At nine-five, the butler served Sir Oscar coffee in the sitting room ("minor variant from the library"), while the newly-minted Lady Horton is in the drawing room and the butler retreats to the kitchen until returning to the sitting room at nine-thirty – where he discovers the murder. Sir Oscar had been shot, stabbed and strangled! What the police surgeon finds only deepens the problems for the Chief Constable, Major Weston Pryme. The murderer shot Sir Oscar in the back of the head, but not at point-blank range as there are "no marks of burning" around the wound, which turns the murder into a quasi-impossible crime. The angle at which "the bullet entered the head precludes the possibility of the shot coming from outside the window." And then there's the clue of Sir Oscar's cigar that "did not go out until eight minutes after it was lit." This gave the murderer a window of 8-10 minutes to silently commit a murder without being heard and get away unseen.

So there you have a great, deceivingly simplistic opening to a good, old-fashioned detective novel recalling Anthony Berkeley (The Second Shot, 1930) or Agatha Christie (Cards on the Table, 1935), but then The Manuscript Murder goes off script.

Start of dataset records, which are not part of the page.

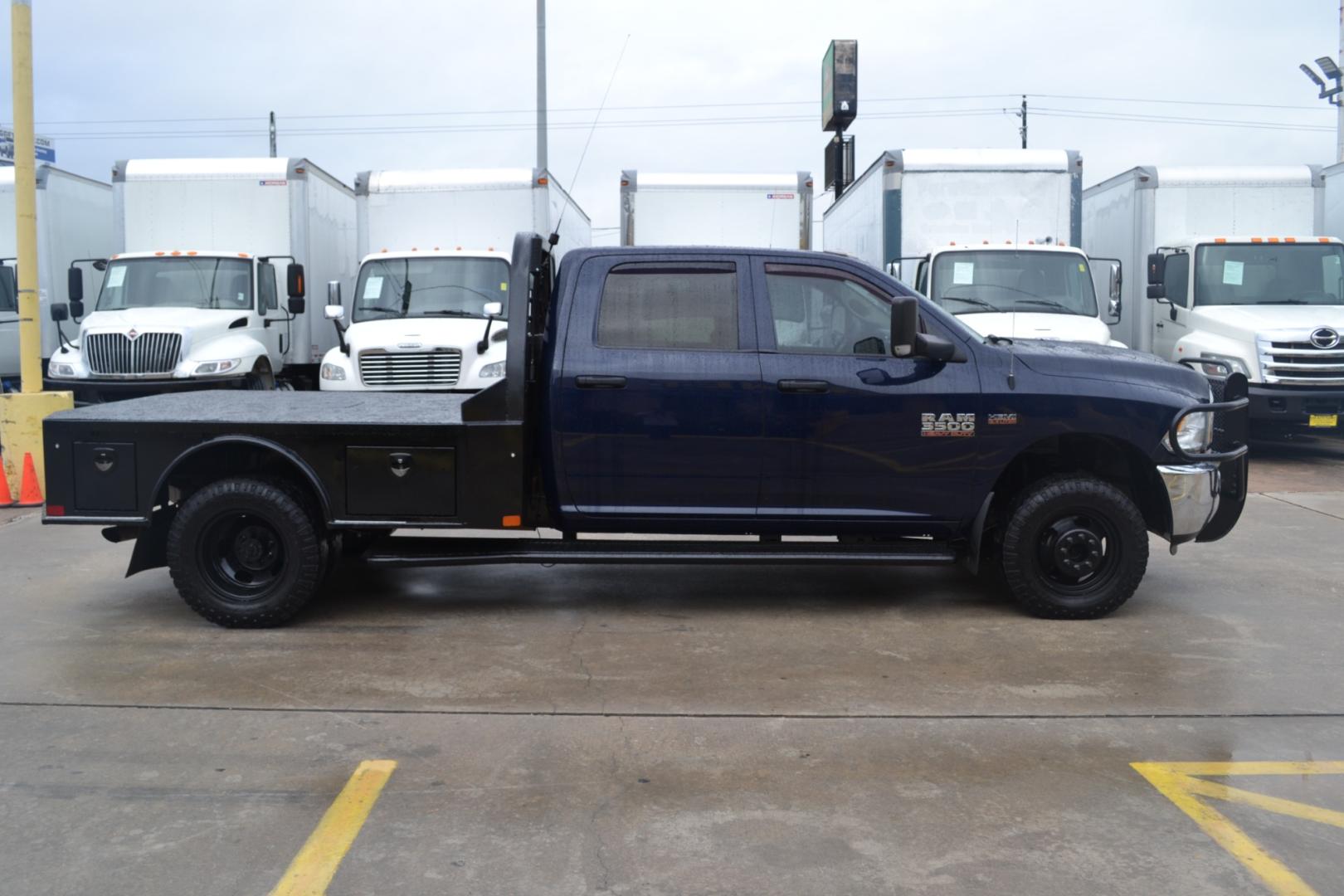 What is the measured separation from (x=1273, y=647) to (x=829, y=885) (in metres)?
3.66

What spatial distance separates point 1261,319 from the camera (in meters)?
14.3

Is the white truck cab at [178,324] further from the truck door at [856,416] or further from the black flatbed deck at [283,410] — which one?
the truck door at [856,416]

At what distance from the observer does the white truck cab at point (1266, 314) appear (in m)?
13.9

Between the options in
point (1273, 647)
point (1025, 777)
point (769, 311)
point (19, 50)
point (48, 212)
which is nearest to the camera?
point (1025, 777)

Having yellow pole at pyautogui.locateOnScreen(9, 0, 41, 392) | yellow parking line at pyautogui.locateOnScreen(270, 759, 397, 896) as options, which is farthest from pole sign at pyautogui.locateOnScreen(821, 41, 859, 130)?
yellow parking line at pyautogui.locateOnScreen(270, 759, 397, 896)

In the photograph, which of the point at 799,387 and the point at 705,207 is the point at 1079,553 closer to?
the point at 799,387

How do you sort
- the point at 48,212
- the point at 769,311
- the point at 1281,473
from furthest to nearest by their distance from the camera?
the point at 48,212
the point at 1281,473
the point at 769,311

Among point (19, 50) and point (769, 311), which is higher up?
point (19, 50)

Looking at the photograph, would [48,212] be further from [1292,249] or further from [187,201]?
[1292,249]

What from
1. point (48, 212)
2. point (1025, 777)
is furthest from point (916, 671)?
point (48, 212)

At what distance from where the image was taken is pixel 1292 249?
48.9ft

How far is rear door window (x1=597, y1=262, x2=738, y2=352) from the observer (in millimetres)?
6734

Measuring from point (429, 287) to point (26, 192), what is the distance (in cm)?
436

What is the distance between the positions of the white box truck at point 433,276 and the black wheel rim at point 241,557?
17.0ft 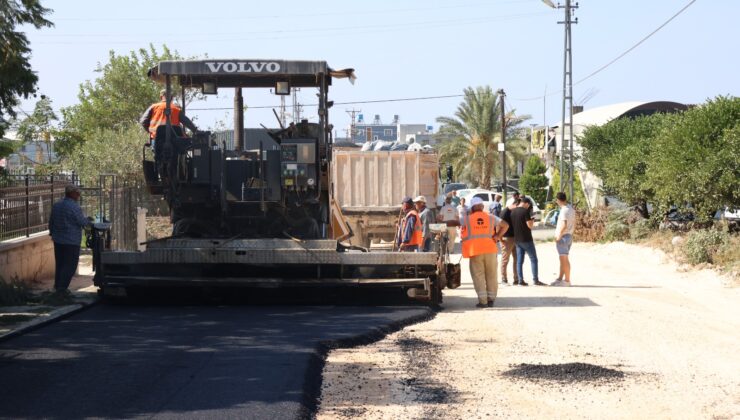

Joseph Marks is working on a new novel, The Quality of Murder, in which he casts Swayne and Vaspell as Sir Oscar's murderer and hands over the manuscript to Major Pryme. The next eight chapters come from Marks' manuscript covering the long, sometimes difficult relationship between the four men beginning during the old days at the military barracks right before the outbreak of the war and picks up again after the war with excursions to pre-war Paris and post-war South America. And, as time marches on, it becomes apparent they have murder in their heart. Sir Oscar is depicted as not the most sympathetic of characters and stands between Swayne and Vaspell and the two women they desire. But how reliable is Marks' fictitious murder mystery come to life? Marks tells Major Pryme he simply used his creative license to twist "every factor in order" to "demonstrate how those two might desire and contrive Horton's death." And filled in the gaps with "deductions, inferences, guesses." So he's asked to write a conclusion to his story and meet to compare notes with his two friends. 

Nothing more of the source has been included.